Nazareth is in many ways a unique place. Its location within the state of Israel with a population comprised of Palestinian Arabs who adhere to either Islam or a variety of Christian sects means that there are, often times, competing loyalties within the political arena based on both nationalist identities and religious affiliation. Additional loyalties are based on either ties to an extended family or to specific quarters, most of which are communal or hamula (clan) based. Several areas on the periphery of Nazareth are inhabited primarily by refugees who claim allegiance to a common place of origin.

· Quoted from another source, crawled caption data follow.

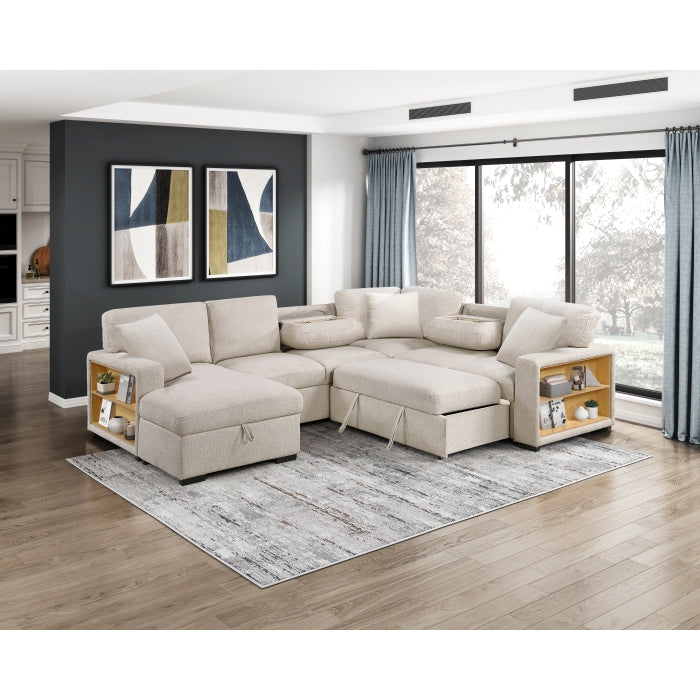 Homelegance 9630BE*4LC2R Pompano Beige Sectional with Left Chaise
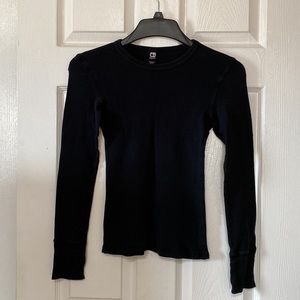 Alternative Vintage Soft black Cotton Thermal Henley Shirt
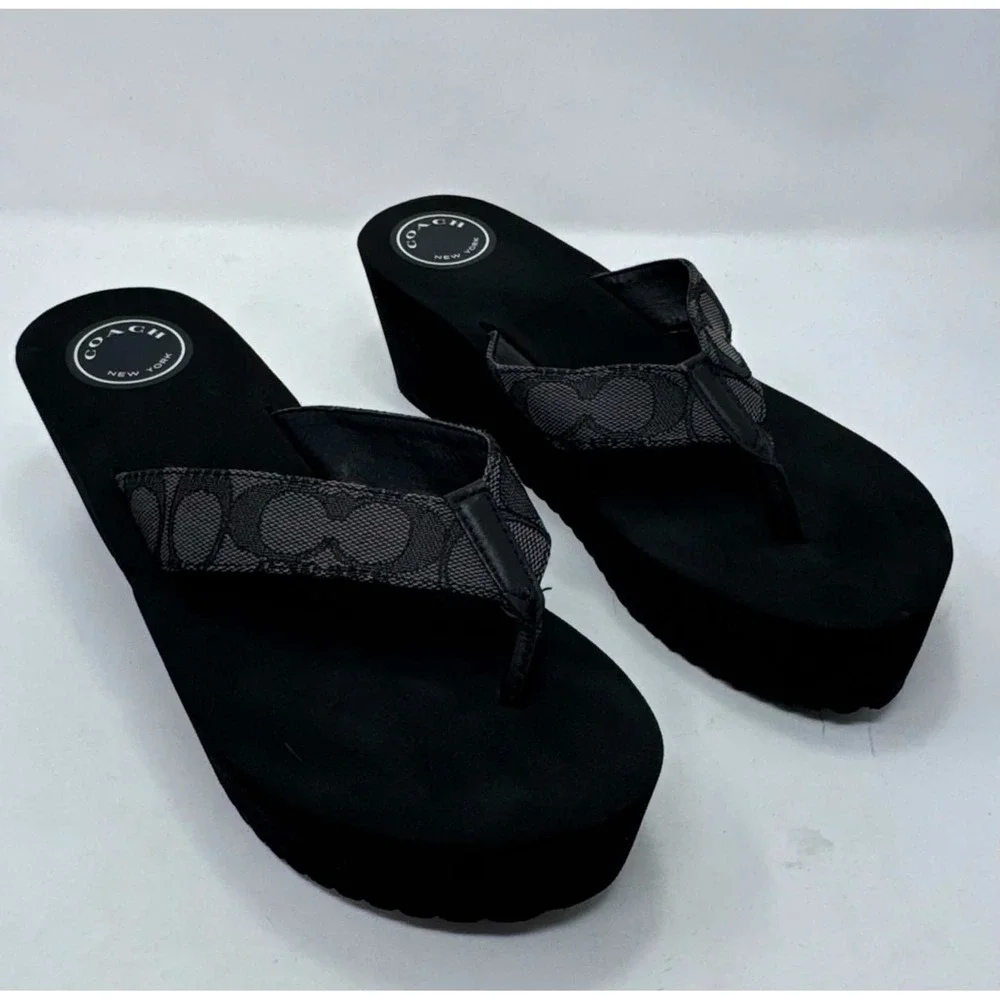 Coach Jen Signature C Jacquard Platform Wedge Flip Flop Sandals Y2K Womens 9B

While many of the political parties operating at the municipal level have family, religious and quarter ties, they also have important external links to Russia, the Israeli Communist party, the Islamic world and Islamic parties, Palestinian and other Arab nationalist parties, and to Israeli Zionist parties. So important are these external ties that few if any of Nazareth's parties have emerged as purely Nazarene, they all have ties to larger geographical areas.

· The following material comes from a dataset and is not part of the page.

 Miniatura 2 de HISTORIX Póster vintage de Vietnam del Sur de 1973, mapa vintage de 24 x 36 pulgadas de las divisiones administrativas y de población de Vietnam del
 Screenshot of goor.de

An analysis of the influence of location on Nazareth's municipal politics is based on current theories in the study of electoral geography which state that place matters. John Agnew, for example, writes: "All places have their own history, 'external' links and peculiar traditions. Consequently, places are the social contexts in which political expression is determined."' David Reynolds also recognizes the important ties between place and politics. He advocates an electoral geography that has more of a "place-based contextual approach" that includes a "deeper historical analysis of the exercise of power and social struggles against it in particular places during periods of significant social change."2 Agnew suggests that "political behavior is intrinsically geographical . . . [and that] social contexts provided by local territorial-cultural settings (neighborhoods, towns, cities, small rural areas) are viewed as crucial in defining distinctive political identities and subsequent political activities."3 Included within these local settings are the influences of what has been called the neighborhood effect, which suggests that voting behavior is often directed towards candidates from a voter's own neighborhood.

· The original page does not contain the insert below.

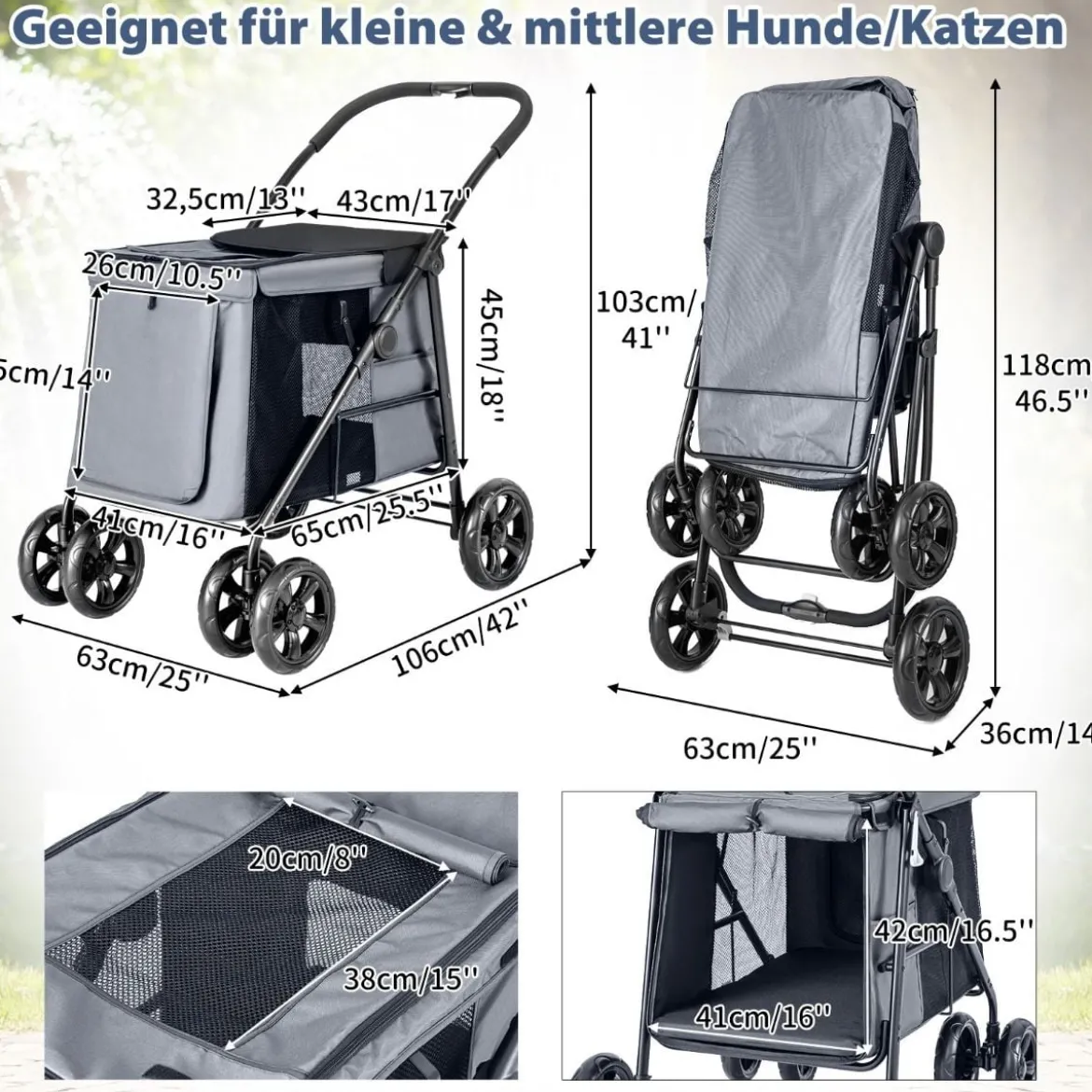 Hundewagen Hundebuggy klappbar bis 40 kg Hundetrolley mit Kissen 106 x 63 x 103 cm Grau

Social context is not just limited to local characteristics. External forces are also an important influence on political activities. Agnew identifies the modern territorial state as "one of the most important `outside forces'."4 In the case of Nazareth, outside influences include the state of Israel as well as the non-state Palestinians. Influences even extend beyond the state level to include other states, nations and religions.

Present day Nazareth is a crowded city of about 65,000 Arab inhabitants.5 In 1946, Nazareth's population was only 15,000-hardly more than a village.6 This number increased to over 20,000 as refugees, primarily Muslims from the 1948 war, fled to the city for protection. Since its inclusion in Israel in 1948, Nazareth has been the largest Arab community within the state. Since the return of Christians almost four centuries ago, Nazareth has been a mixed city of Muslim and Christian inhabitants (currently it is over 60 percent Muslim).7 Because of its sanctity as the site of the Annunciation, Nazareth has attracted a variety of Christians including Greek Orthodox, Greek Catholics, Roman Catholics, Maronites, Copts and Protestants. This mixed communal composition has had a significant impact on municipal politics that can be divided into two distinct phases: an early phase in which the majority of the parties were Christian and Muslim, and a later phase in which Islam became a more forceful contender with stronger ties to the larger political movements of Islam. …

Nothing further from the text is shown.